My recommendation is to use a tea strainer, if you have one …. it will probably be easier than a cheesecloth. I picked up an inexpensive small strainer in the grocery store (utensil aisle) for about 2 bucks and that’s what I use. A flour sifter can be used, but, it might be kind of bulky and inconvenient to use for something like Matcha.

I have been drinking matcha for years now, and I’ve never bothered getting a “matcha sifter” … I just use my strainer that I bought for 2 bucks at the grocery store and it works great.

Lynxiebrat said

I got a couple of tea strainers, but i read somewhere that it would be better to use something only for matcha.

My grocery store does not have strainers. lol if they have anything that is an tea accessory, it is a tea ball. I finally found strainers at one of the tea shops I go to.

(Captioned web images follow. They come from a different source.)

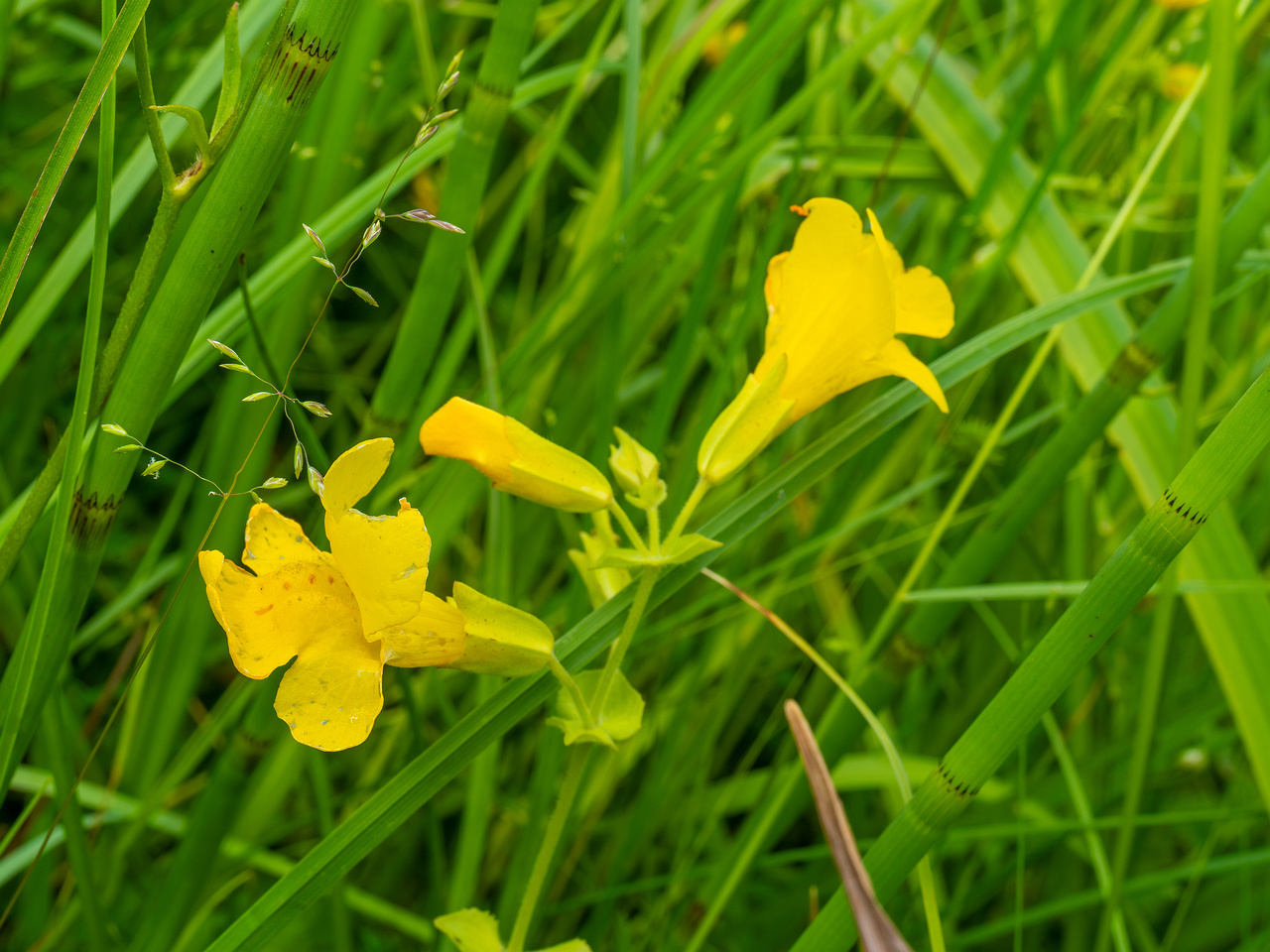 tallinn_botanical_garden_grassland_near_pond-78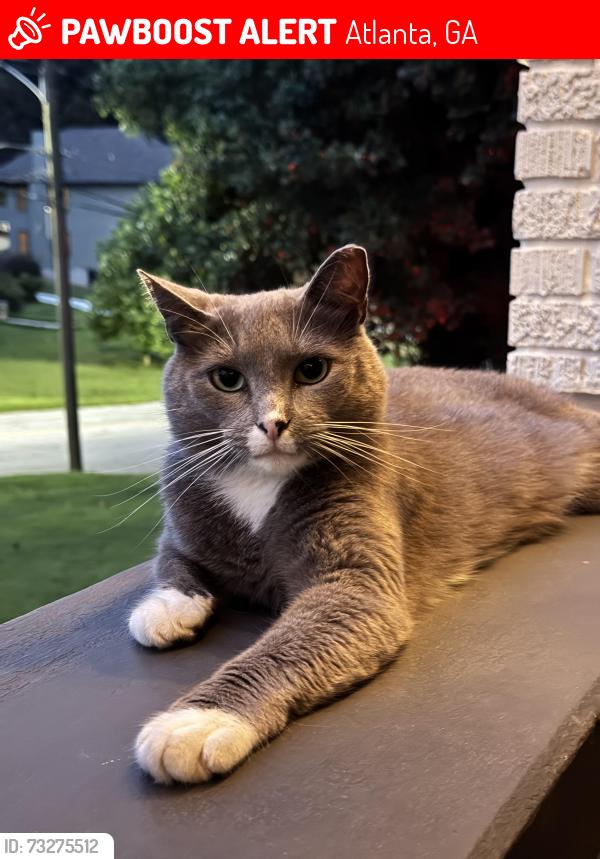 Lost Female Cat last seen Venetian and Delowe, Atlanta, GA 30311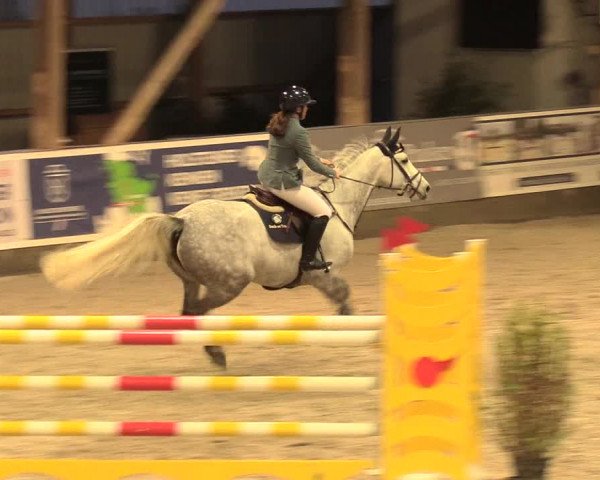 Reitturnier Negernbötel 2021, 11. Nordic Jumping event 2020/2021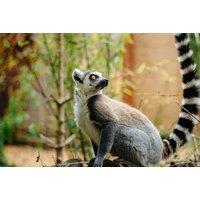 Private Lemur Experience For 4 With Zoo Entry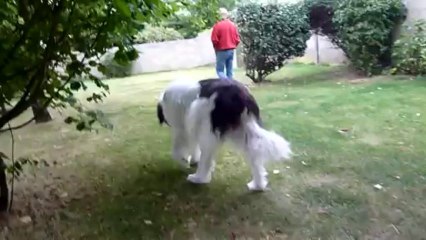 Tamia ne va pas bien (3)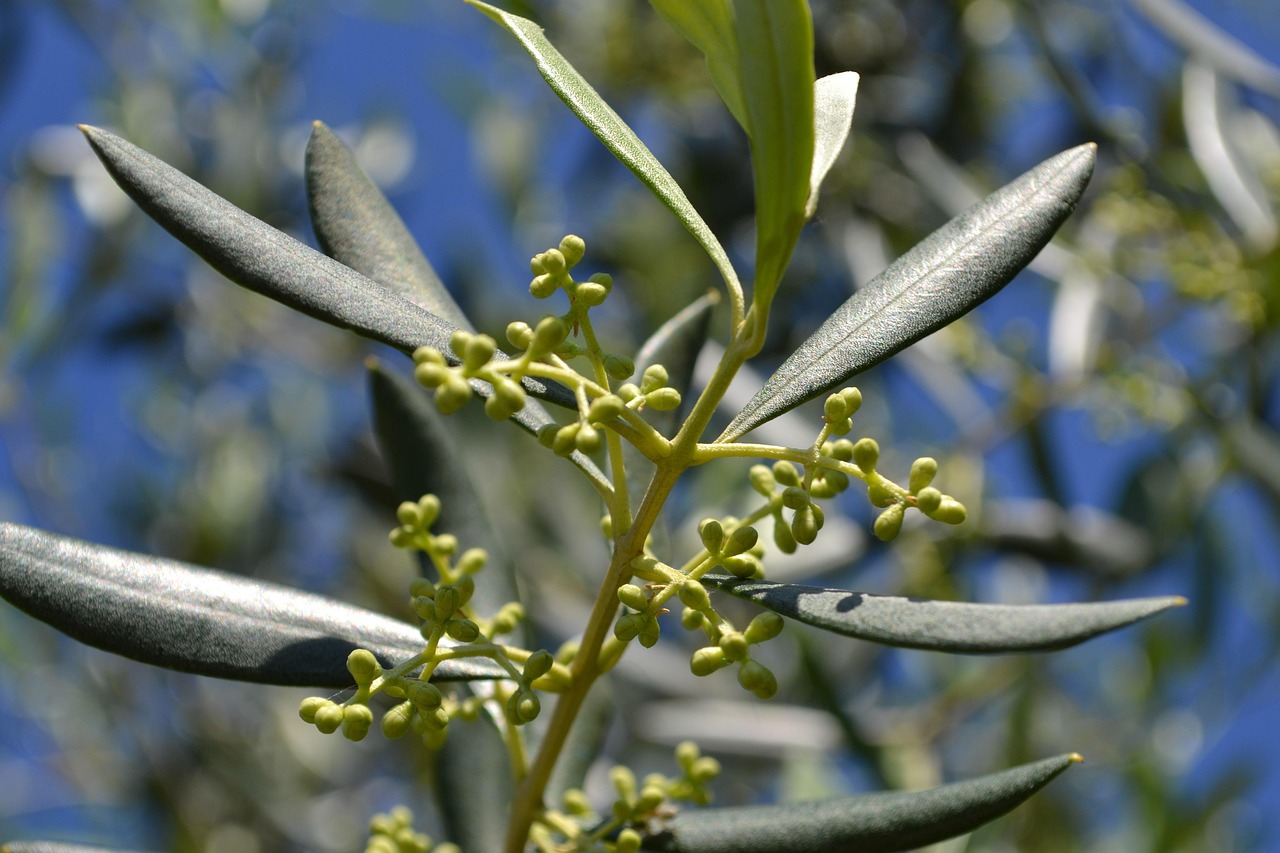 Ulivo carico di olive mature, simbolo di una raccolta abbondante e sana.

The strainer that I use for matcha sifting is not a tea strainer … it’s just a little wire mesh strainer with a plastic rim and handle with little hooks on the rim that holds the strainer in place on my Matcha bowl easily. It was super inexpensive, and it works just fine. The main purpose of the sifting is to help eliminate clumps and to help aerate the Matcha … so I really see no need in getting a special sifter … but I can understand wanting to get one too! :)

cuppaT said

I use a small wire mesh tea ball for straining matcha and other powdered teas, but have to rinse it out every so often as the tea begins to clog the mesh. Whoever wrote that it would be better to use something only for matcha must not give their strainer an occasional bath. Wire doesn’t absorb odors, so as long as you wash it you should be able to use it for anything.

Lynxiebrat said

Kasumi, as I said in the opening post, I already have several kits and matcha accessories bookmarked, so I would appreciate no links to said items.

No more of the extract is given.